Yes. Best way is to use needle nose plier and hold the wire straight right at the body of the resistor and to bend out past the needle nose. Less chance for breaking the wire at the body of the resistor this way.

Yes. I would suggest using a pair of flush cutters and have the flush side of the cutters towards the resistor. Less mechanical shock sent down the wire to the body of the resistor or other component and less chance for failure of the component.

If the lamp is a low voltage lamp, let's say 6 volts as an example. It will be rated at some specific current flow through the lamp at 6 volts, let's use 0.02 amps, also called 20 milliamps. Using Ohms law we can calculate out that the resistance of the lamp when it is operating is 300 ohms. The lamp will last a good long time at 6 volts, won't get too hot and will not be real bright. Now hook that same 6 volt lamp up to 12 volts and with all other factors being the same you have doubled the current going through the lamp. The original lamp was dissipating 0.120 watts. Now lets see what the same lamp on 12 volts does for dissipation. To get power I am using the formula of I^2 * R where I is the current in amps and R is the resistance in ohms of the lamp. After doing the math the result for this lamp on 12 volts is 0.48 watts. That is four times the dissipation that the lamp is designed for. It will be Real Bright for a Short amount of time.
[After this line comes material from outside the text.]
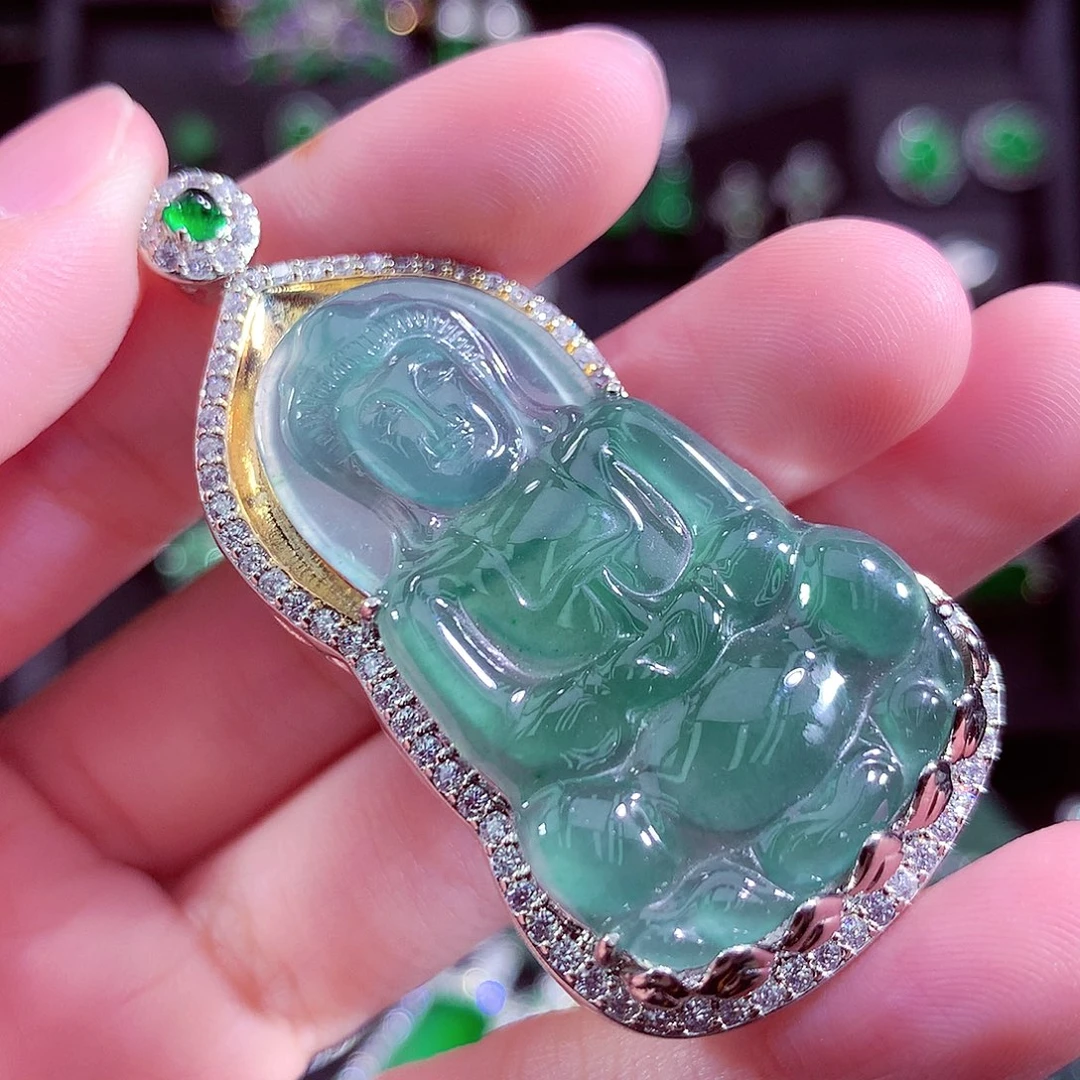 颈饰未镶嵌翡翠天然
With the above items known it is easy to see that to hook a 6 volt lamp to a 12 volt power supply there has to be a way to make the lamp see only 6 volts. That is what the resistor does. Ohms law would be used to calculate out that you need a resistor of 300 ohms to keep the current in the circuit down at 0.02 amps. Put this resistor in series with the lamp and the lamp will only see the 6 volts it was designed for. The resistor will have 6 volts dropped across itself. In this instance I would recommend a 1/4 watt resistor to keep the temperature down on the resistor body. a 1/8 watt resistor, while still within the limits of it's ratings, is going to get real hot. The 1/4 watt resistor while dissipating the same amount of power will have significantly more surface area to radiate the heat away. It will stay quite a bit cooler than the 1/8 watt device.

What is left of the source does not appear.